Tommy says it’s not bad. She knows he misses his little black-and-white TV, even if he says he’d rather have more package privileges anyway. Instead of cells, they have open dorm rooms with bunkbeds. They have a lot of windows, a lot of light. And it’s well insulated; he doesn’t complain about the cold half as much as he did at Clinton. It’s quieter, and clean, and everything works. Patty can verify that from the near-sterile neatness of the visitors’ center; instead of a bus station, it feels like a hospital waiting room.
On the whole, the place is less oppressive than the old maxes they’re used to. The walls aren’t solid, just two silver stands of chain-link fence topped with razor wire, a gravel road running around the outside. Instead of long, massive cellblocks like factories, the
housing units are groups of low, red-brick barracks, with softball diamonds and basketball courts scattered here and there among them, a football field inside a lined running track.
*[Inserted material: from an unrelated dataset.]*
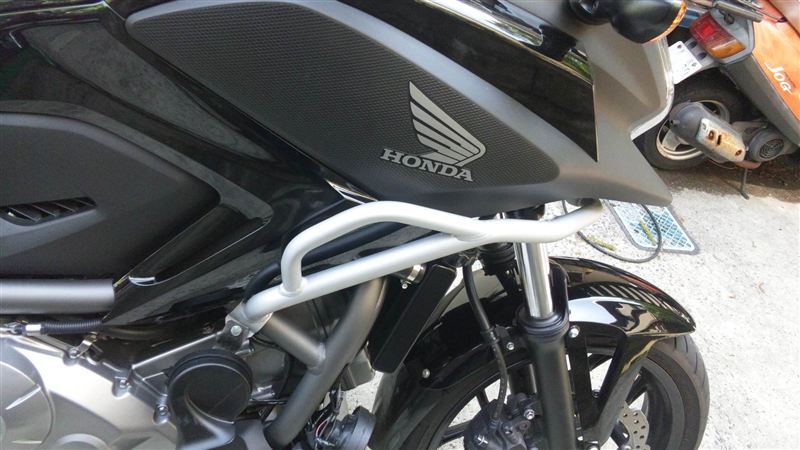 Nc700x カスタムまとめ おすすめのカスタムはこれだ エアロ ホイール Ledなど みんカラ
Someone driving around lost could almost mistake it for an army base or community college. Franklin, the other medium half a mile down the road, looks exactly the same, making it seem even more impersonal. Over time, she realizes this lack of personality has something to do with the fact that it’s out in the middle of nowhere. As ugly as they are, Auburn fits Auburn the way Clinton fits Dannemora. Bare Hill’s just
there.
Visiting is strictly weekends only. With no FRP, she doesn’t look forward to it as much as she used to. Malone’s an hour farther than Dannemora, and the county roads are a nightmare in winter. It’s one reason she finally gets rid of the Horizon and buys a used Subaru. She still ends up missing visits when they get any real weather.
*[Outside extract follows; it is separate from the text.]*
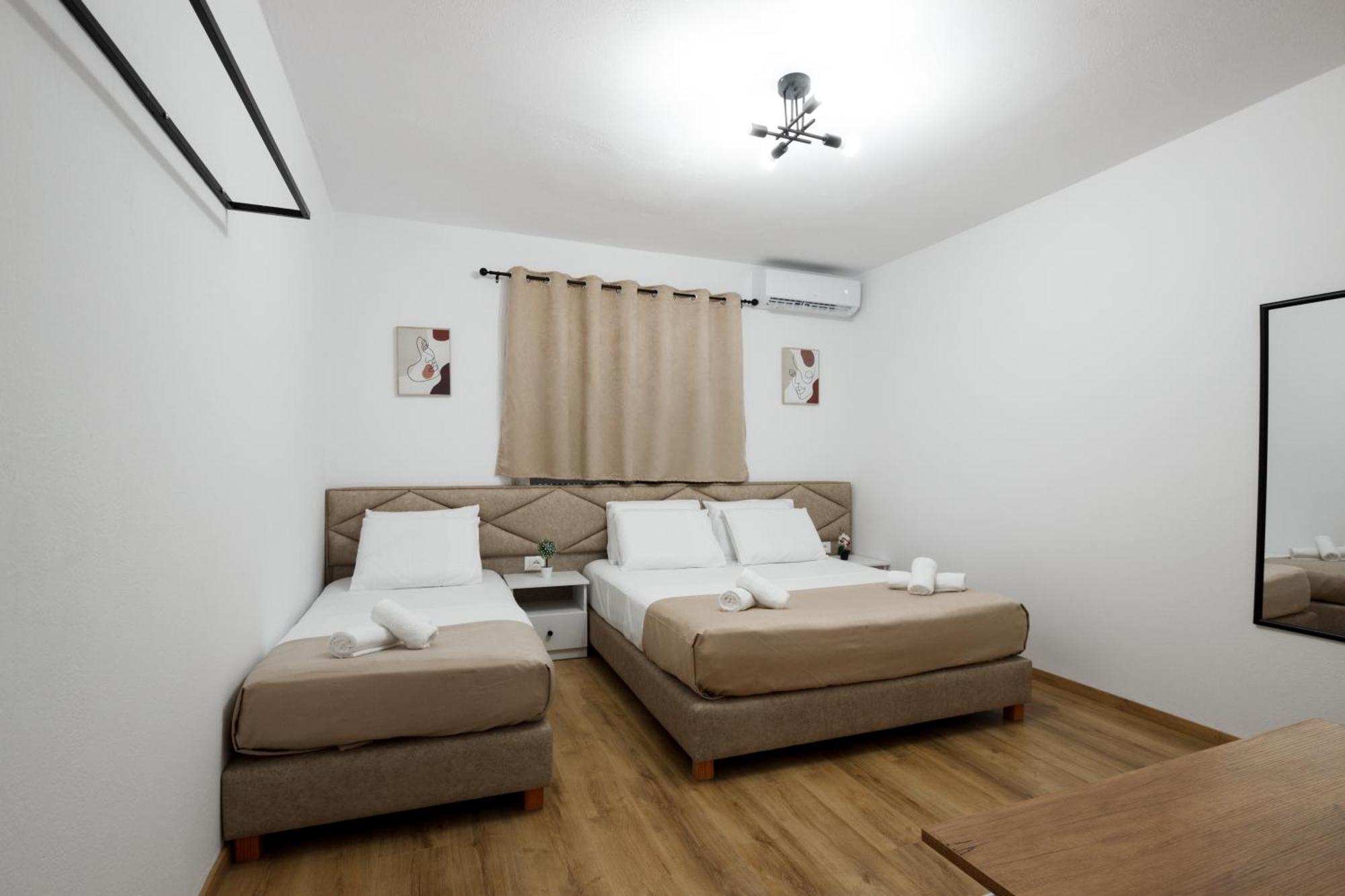 Vila Agimi 65 Gjirokastër Dış mekan fotoğraf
She misses more visits—and work—the next fall, when she strains her back mucking out the gutters. She can’t sit for more than a couple of minutes without having spasms. There’s nothing the doctors can do except prescribe rest and anti-inflammatories. She lies on the couch while her mother waits on her. Having spent so much time around patients, Patty’s aware of how demanding they can be, and tries not to complain.
“Isn’t this supposed to be the other way around?” her mother needles, delivering her grilled cheese with pickles. “I’m the old lady here. When do I get to be sick?”
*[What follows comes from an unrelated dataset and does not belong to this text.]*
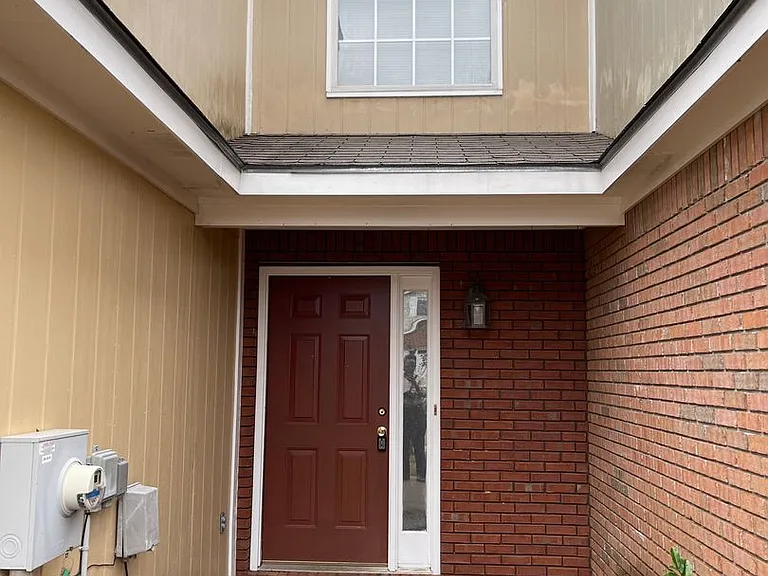 118 S Springview Dr — Photo 2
Tommy tells her she shouldn’t have been up on the ladder in the first place. Where the hell is Casey?
“I’m not going to ask him to come home just to do the gutters,” she says. “I’ve been doing them for twenty years. It’s no big deal.”
“It wouldn’t have happened if I was there.”
“Don’t be stupid,” she says, though she’s had the same exact
thought about a million things over the years. “I’m out of shape and I tried to do too much, that’s all. I’ll be fine.”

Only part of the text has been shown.